Rouler de nuit apporte toutefois des défis différents. Il faut éviter le plus possible la lumière naturelle afin de ne pas dérégler le cycle du sommeil et la concentration des pilotes.

«Le défi le plus grand est de retourner à l’hôtel aux premiers rayons du soleil. Tu ne veux pas absorber trop de lumière naturelle avant d’aller au lit puisque les trois séances ont lieu dans la noirceur. Parfois, après les qualifications, c’est facile de se poser beaucoup de questions, de s’en aller trop tard et de marcher durant le jour. Ça vient ruiner votre rythme de sommeil», a expliqué le directeur de la performance de l’écurie Aston Martin, Tom McCullough, sur le site web de son équipe.

L’an dernier à Singapour, le circuit urbain avait souri à Stroll, qui avait terminé au sixième échelon, tout juste devant Max Verstappen (Red Bull).

De grandes attentes

L’été a été compliqué pour le Montréalais de 24 ans, qui n’a inscrit que sept points depuis le Grand Prix du Canada, le 18 juin. Pendant ce temps, son coéquipier Fernando Alonso figure régulièrement parmi les premiers et permet à Aston Martin d’y croire.
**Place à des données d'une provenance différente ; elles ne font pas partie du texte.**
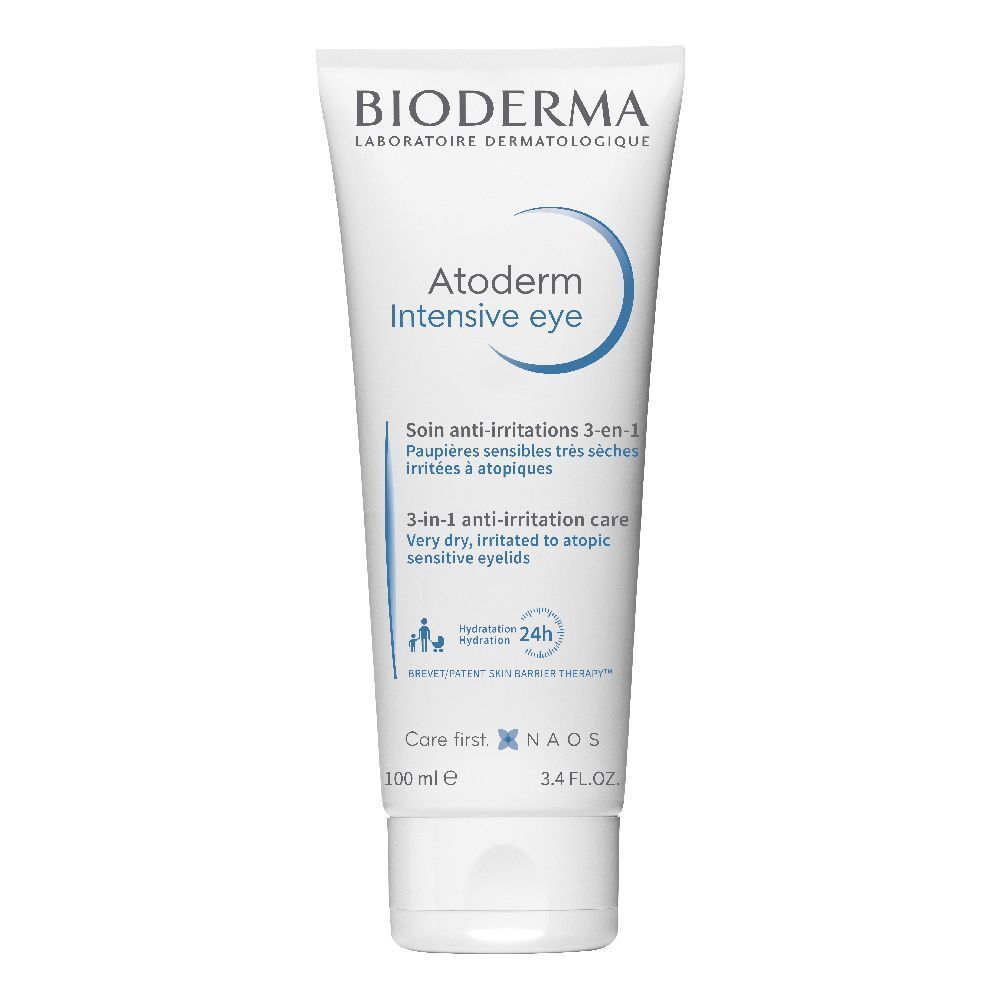 Tubo bianco BIODERMA Atoderm Intensive eye. Scritta e grafica blu. Trattamento 3-in-1 per palpebre sensibili.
Sauf que les deux équipiers devront livrer la marchandise en même temps s’ils souhaitent voir les monoplaces vertes terminer sur le podium à la fin de la saison.

«L’objectif est de revenir au deuxième rang du championnat des constructeurs, a indiqué McCullough. C’est un objectif courageux, face à de la compétition féroce. Les Mercedes ont connu plusieurs bonnes courses. Les Ferrari ont livré leurs meilleures performances à Monza, à la maison.»

«Pour terminer devant, il faut d’abord terminer, et la fiabilité a été la force de notre équipe jusqu’à maintenant», a poursuivi le directeur de la performance.

Bien loin derrière Red Bull (583 points), les écuries Mercedes (273), Ferrari (228) et Aston Martin (217) se livreront une guerre sans merci jusqu’à la fin du calendrier.